Inheritance tax is optional if your assets are liquid enough and large enough. In short, when Gates and Buffet said that estate taxes should be higher, they were talking about taxing other people.
And you thought that they set up those foundations to do good....
Estates are currently taxed. I believe to the tune of 45% of the amount over $2 million.
As far as capital gains goes, they are due when you sell your capital. In the case of PG this most likely occurred when he sold ViaWeb. Everytime Larry and Sergey sell their GOOG stock they incur captial gains.
Obama is generally proposing raising the capital gains tax from 15% to 20% for anyone that earns over $250,000. Any startup founder that has a successful exit should make a heck of a lot more then $250k. By def an angel investor must earn $200k per year or have a net work of more than $1 million.
And that is why I want to see the details.
The key word there is "estates"; "legal estates" would be more accurate.
Gates et al move their accumulated wealth out of their legal estates into tax-free foundations and the like. So, while their legal estates may be taxed, there is almost nothing there to tax.
No, they didn't sell their stock to fund these foundations - they donated stock, which is either tax free or provides a tax benefit. Yes, those foundations serve many of the purposes of "estates". (The Gates kids and their kids and so on will always have an income.)
There are other things that they can do to shift money to their kids and grand-kids without significant tax consequences. (Yes, there's a $10k limit on some transactions, but ....)
There are things that these folk can do while they're alive to generate tax benefits that they can then use to make other sales tax free, giving them something to live on. (I don't know the legal status of the Google planes, but the planes that are available to NASA could easily generate tax benefits.)
I previously mentioned using donations to shelter income.
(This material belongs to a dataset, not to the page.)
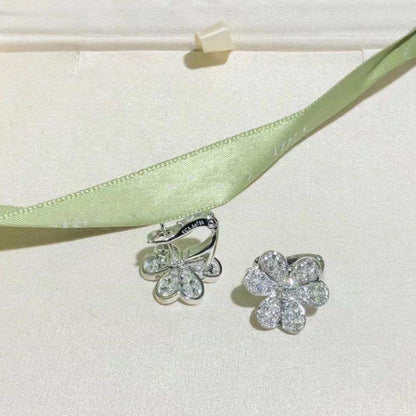 [Noble Jewelry]FRIVOLE SILVER FLOWER DIAMOND EARRINGS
His house offers some additional opportunities.
I think that a huge fraction of the cost went to cool custom gadgets. If Gates set up a company to research/develop those gadgets, he can deduct the "losses" when said company doesn't manage to sell them. Yes, he should pay for the gadgets themselves, but they're cheap compared to the NRE.
There are some ways to do tax-free roll-over to fund companies, so the deductions would shelter other income.
Even if Gates had to pay cap gains to fund the company that developed the gadgets, he's way ahead if the deductions are at ordinary income rates. If he both pays and deducts at cap gains rates, he's just out cap gains on the gadgets themselves.
However, like I said, I don't know how much tax planning Gates does. He has over $60B, so avoiding cap gains on $40M is like someone with $2M avoiding cap gains on a cheap used car. Then again, he may have set up a system 20 years ago to pull out money tax-free every year. Putting $40M through it may be just SOP.
My point was, however poorly made with the Gates example, that I doubt that the thought, other loopholes aside, is to eliminate capital gains tax for people that are deemed to be "rich".
Regardless, I am all for any tax incentive that provides incentives for anyone to start or invest in a startup.
I think that it's silly to consider "the thought". We should look at where we actually are and what is likely to actually happen if we make proposed changes.
Part of "where we actually are" is that the very rich don't pay estate taxes and can work around cap gains taxes, so evaluating cap gains proposals based on their effects on the very rich is silly.
Instead, we should look at people who are actually paying cap gains (and estate taxes for that matter).